I wasn’t sure if I had found the right place because there was a car in the driveway and I heard a thumping bassline from inside. George said the place was empty so I approached the house warily. Just as I got to the front door, it flew open and a lanky young man blurted, “Who the hell are you!?” I hastily explained I was a friend of the Vanderheusens and that they had invited me to stay at their house. “Sounds like something my parents would do,” he said before waving me in begrudgingly.
The house is a sort of luxury log cabin made of high finish knotty pine. From the front entrance, you immediately enter a two-story great room with a picture window and mountain view. It was not at all what I expected. Their house in Jamaica Plain is a ramshackle Victorian that Linda inherited from her family, what one might call shabby genteel. Every inch of wall space is covered with framed artwork, an eclectic collection amassed from several generations of world travel. The living room has built-in shelves packed with dusty, hardbacks from a previous generation.
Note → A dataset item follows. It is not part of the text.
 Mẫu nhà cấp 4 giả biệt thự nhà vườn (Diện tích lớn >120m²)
They seem to have taken on a wholly different identity in the Berkshires. Their summer house was spare. No artwork or books adorned the walls. Perhaps this was born of the necessity of renting the house out to strangers, as they had over the years. But I couldn’t stop thinking about this alternative George and Linda and the ways in which we are shaped by our surroundings. The house revealed less of their personality, yet was somehow more ostentatious, a display of wealth that would have embarrassed them in JP.
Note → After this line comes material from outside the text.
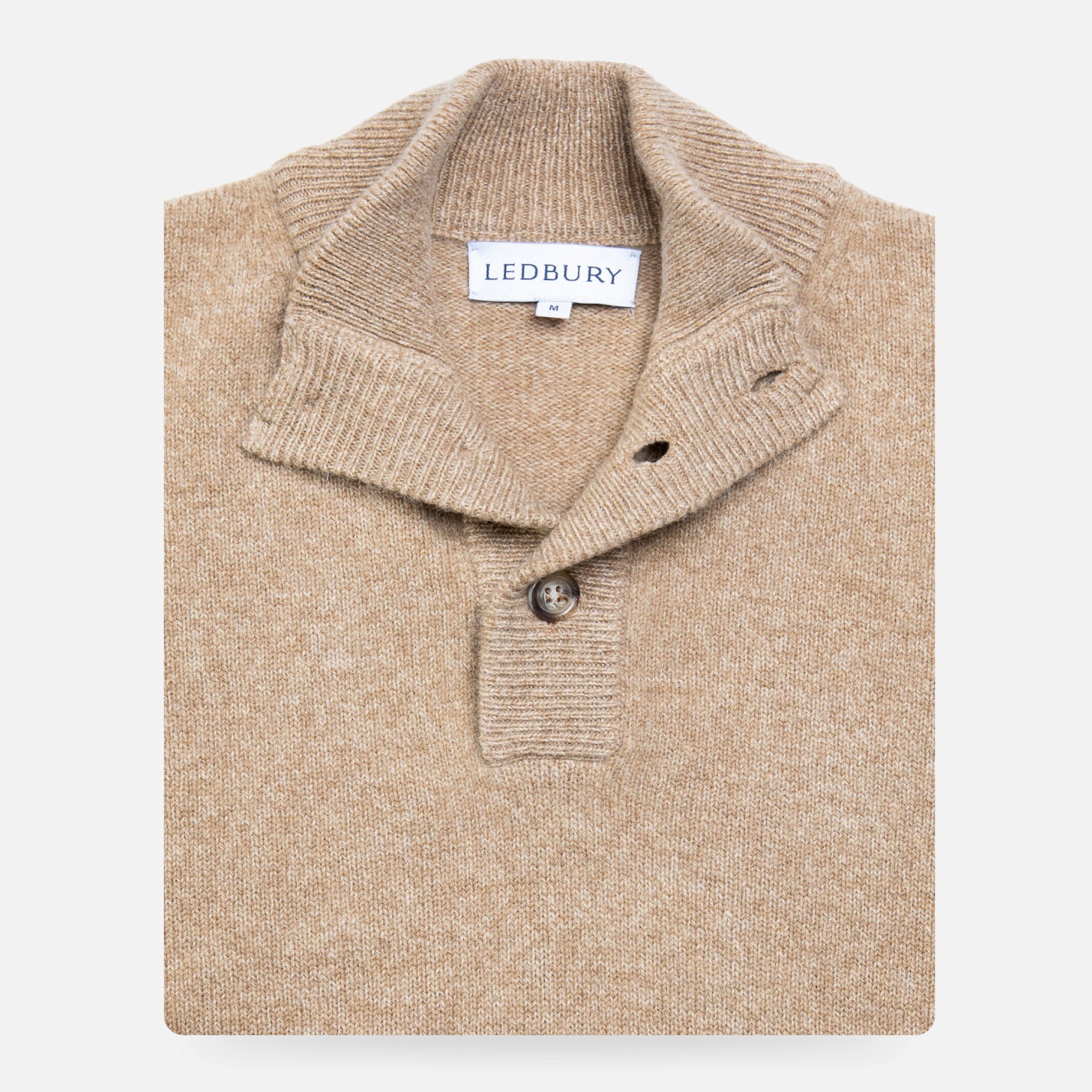 Camel Heather Brewer Mock Neck Sweater laid flat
My expectations were upended in more ways than one. Instead of solitude in a dank old summer house, I felt like an unwelcome visitor in a faux rustic playpen. I was also a third wheel, as Dexter was there with his girlfriend Leanne. I knew a little bit about Dexter from his parents and sensed he had led a charmed life. Reports from his parents were basically of the proud, glowing variety, a habit born of ceaseless competition with friends over whose adult kids were the most successful.
The facts as presented by his parents were as follows: Dexter had dropped out of Columbia’s School of International and Public Affairs to start his own technology security company, which had secured the business of several important overseas clients. Dexter met Leanne at Columbia, where she was a rising star at the graduate School of Journalism. Leanne was raised by a working class, single mom in a small town in western Pennsylvania, from which she had escaped through a combination of keen intelligence and grit.
As for the relationship, the two parents did not see eye to eye. George had no issue with Leanne. He thought she had “a real head on her shoulders,” was “going places,” and was generally a positive influence on Dexter. Linda was skeptical, seeing her as a hopeless striver who would drop Dexter as soon as he was no longer useful to her.
Knowing so much about them, while they hardly knew me from Adam, made me feel a bit like a voyeur. When I arrived, Leanne was preparing a gourmet meal from a recipe on her iPad while enjoying a glass of Bordeaux. She had the look of someone who had arrived. But as the night progressed, I watched her slowly numb herself with wine and I tried to figure out why.
Leanne had completely reinvented herself, but had lost something essential along the way. She had a great deal of pride, feeling superior to all those she had left behind in the small town where she had grown up, yet at the same time superior to all the entitled rich kids she had outshined when she got to the big city. Now she was living behind thick castle walls of her own creation and needed something to dull the pain of her loneliness.